Take care of all the sick kids (except for littlest baby, who is in our bed most of the night) that wake up during the night, to make sure she gets a somewhat uninterrupted night of sleep
Cook on the weekends. I cook all day on Sunday and 1-2 meals (Cereal on Sat doesn’t count as ‘cooking’, but I make sure that goes down without a hitch). I pinch hit on some days where she has been out and about or can’t think of anything to cook.
Fix her computer or anything technical as soon as she asks (that’s my 2nd job, as a PC tech)
Watch kids happily when she goes out
Clean our bathroom (showers, toilets, sinks, trash full of diapers, sweep, change towels)
Sweep all floor in main areas
Vacuum the bedroom floor 
Take kids to and from school
Take care of kids on Saturday for as long as she wants to sleep, so she can get caught up on sleep
Give her 45 minute pedicure on Sundays
Give her a back/shoulder rub/massage almost every day of the week, as she is going to sleep, many times as I’m making love to her. 
Hurtful things she has said:
“Why can’t we go back to before we were married?” She says she means to date more, but I’ve told her I am open and available for dates any time she wants, so I’m more inclined to think she means a time where sex wasn’t involved in the equation. I’ve even asked for clarification and she says that the absence of sex was part of what she was talking about.
“A true man of God wouldn’t ask his wife to dress in something sexy. “ I don’t have any rebuttal to this. I’ve explained that I’ve asked her to do this for me as a way to show she is committed to making love and that it is a part of getting me excited and focusing her attention as I think she is beautiful and so incredibly wonderful to look at. Her mind wanders AS I’m making love to her, and she sometimes will be on a completely different subject, or bring up hurtful topics while I’m working hard to make her feel good
Things to rule out:
Depression – She was singing, whistling a hymn all through her shower. I can generally make her laugh numerous times a day. She completes all sorts of activities during the day and has all sorts of goals which she is actively working toward. 
Obesity – My weight is about 20 lbs overweight (185, 5’11”, 38 yrs); Wife is 5’10” and gorgeous, to me – and I’ve told her so MANY times!
Desire – As someone said, “sorry, but this is a lame excuse ... do you go to the gym only when you have a desire to? or go to work only when you desire to? Or change a diaper only when you desire to? Or do anything for that matter only when you desire to? No, we all do things every single day because we should, and it's the right thing to do!”
Financial concerns – I make a good living (working 2 jobs), to the point that she doesn’t need to work (and doesn’t!) and can have many things she wants. She receives an allowance of any amount she chooses each month and I have faithfully paid it (and more, if she needs me to!) and has access to all our bank accounts.
After all this (thank you for your patience!) here are the questions I have:
Am I wrong to want more sex?
2-3 times a week
Am I wrong to want better quality sex?
She wears something sexy
She stays awake
She tells me what to do, what she likes
Enjoys herself
Is there something wrong for me to want these things?


----------



## JediG (Nov 9, 2012)

There's nothing wrong with you for wanting those things, but damn dude if I had eight kids I wouldn't exactly feel like being sexy or doing anything like that either.

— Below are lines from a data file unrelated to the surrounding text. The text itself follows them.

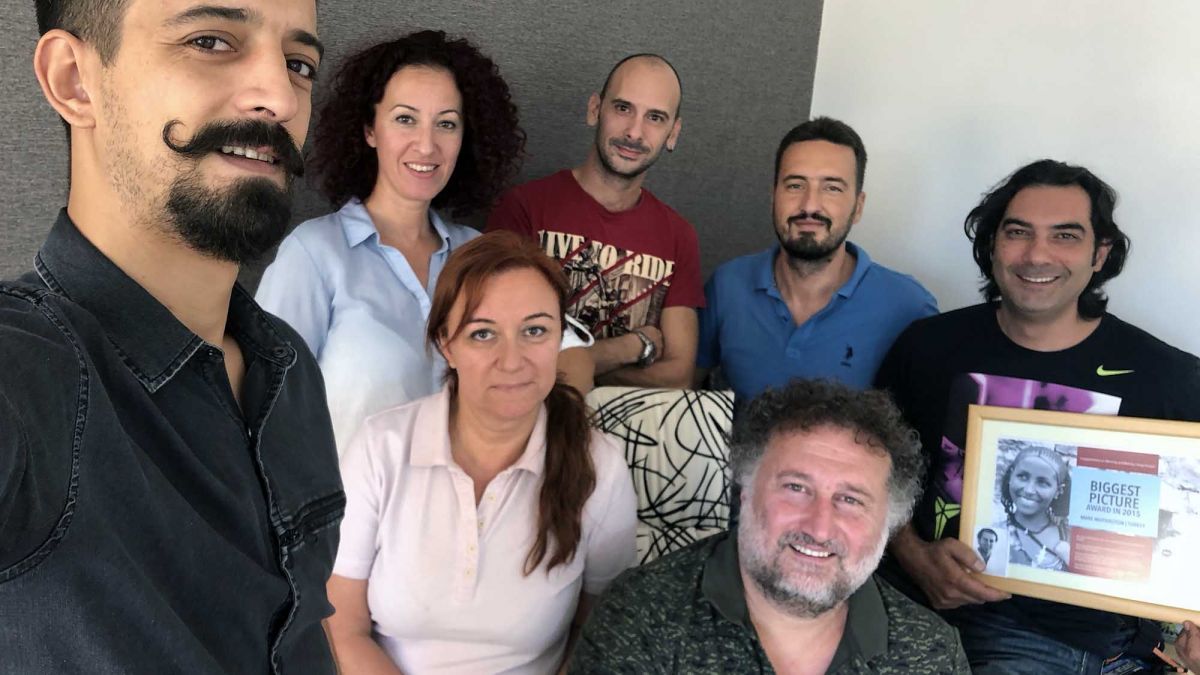 Catalyst Team Building Turkey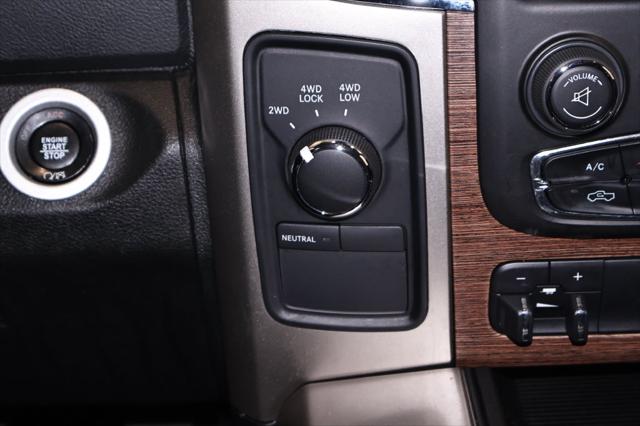 2018 Ram 2500 Laramie Crew Cab 4x4 64 Box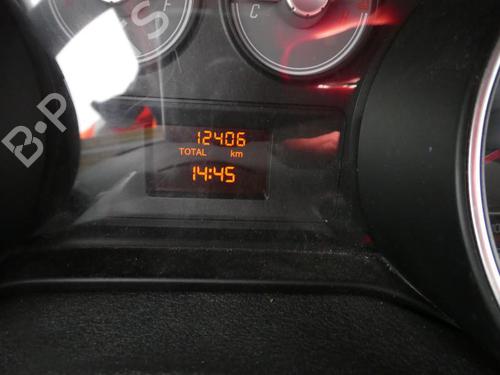 Heater resistor FIAT PUNTO EVO (199_) 1.2 | BP20027106M108 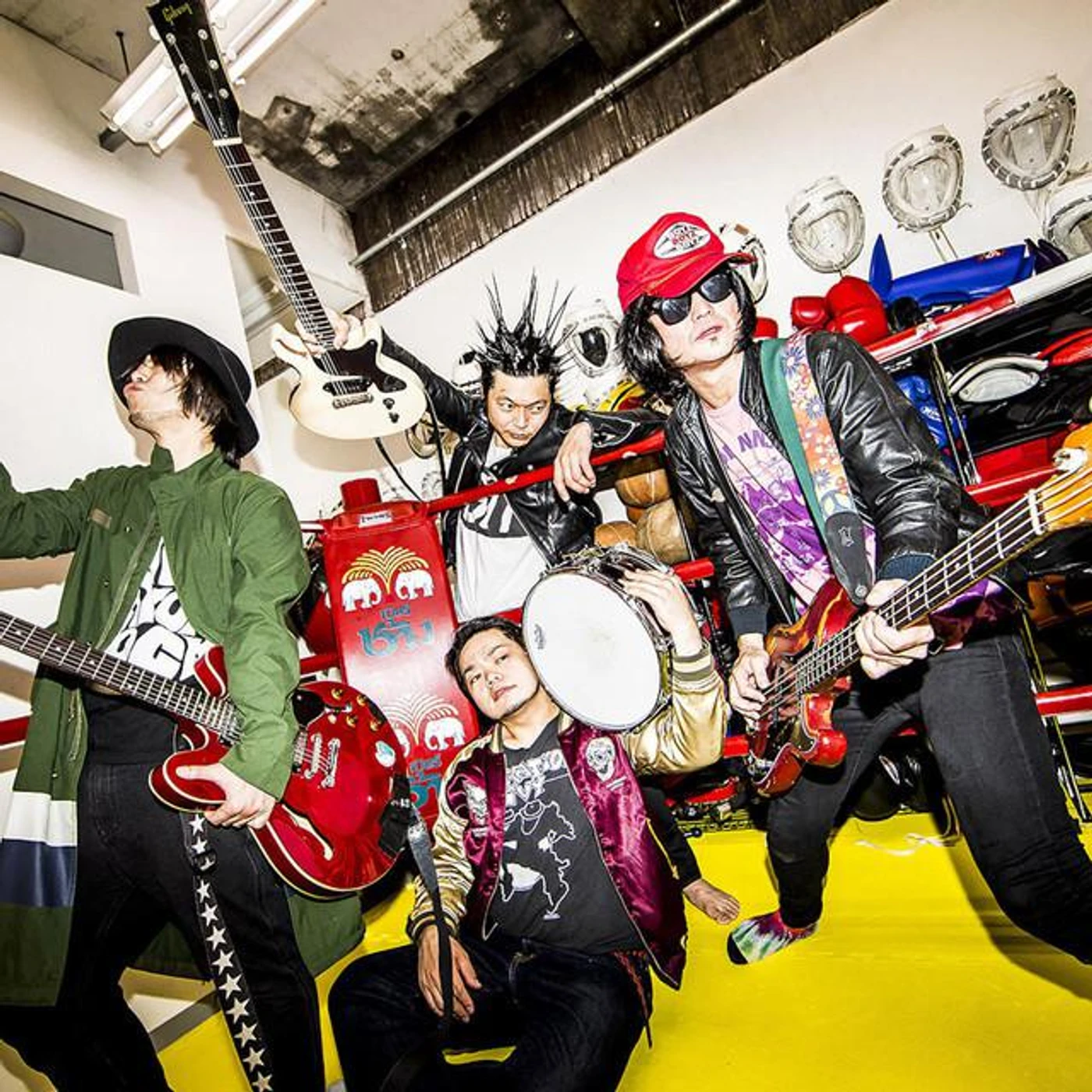 STANCE PUNKS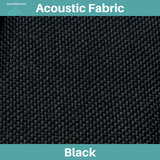 Eco Friendly Fabric Covered Acoustic Panels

How on earth do you even have the energy to want it?


----------



## BlindNoMore (Dec 17, 2012)

Thanks JediG! You gave me a good laugh... I don't know where the energy comes from... I guess it's a miracle! I do know that I'm grateful for each one of those 8 kids. They've all taught me different things, and maybe increased my stamina a bit, as well! Like training for a marathon... You don't start out running 26 miles...


----------



## confusedFather (Jul 15, 2012)

8 kids in 16 years! She's been pregnant most of your marriage and that has likely killed her sex drive. Read through the articles together in the sex and intimacy section of the Focus on the Family website (Sex and Intimacy - Focus on the Family). There's alot of good information about God's intentions of sex in marriage. There's also a lot of good practical advice and insight into how men and women think about sex.


----------



## Gaia (Apr 27, 2012)

You clearly dont realize how childbirth effects a womans body. Its not wrong to want more or better quality sex but if you want that then be more compassionate toward your wife. lugging around another human inside ones body is no easy task. They literally suck the energy out of a woman both during and after pregnancy.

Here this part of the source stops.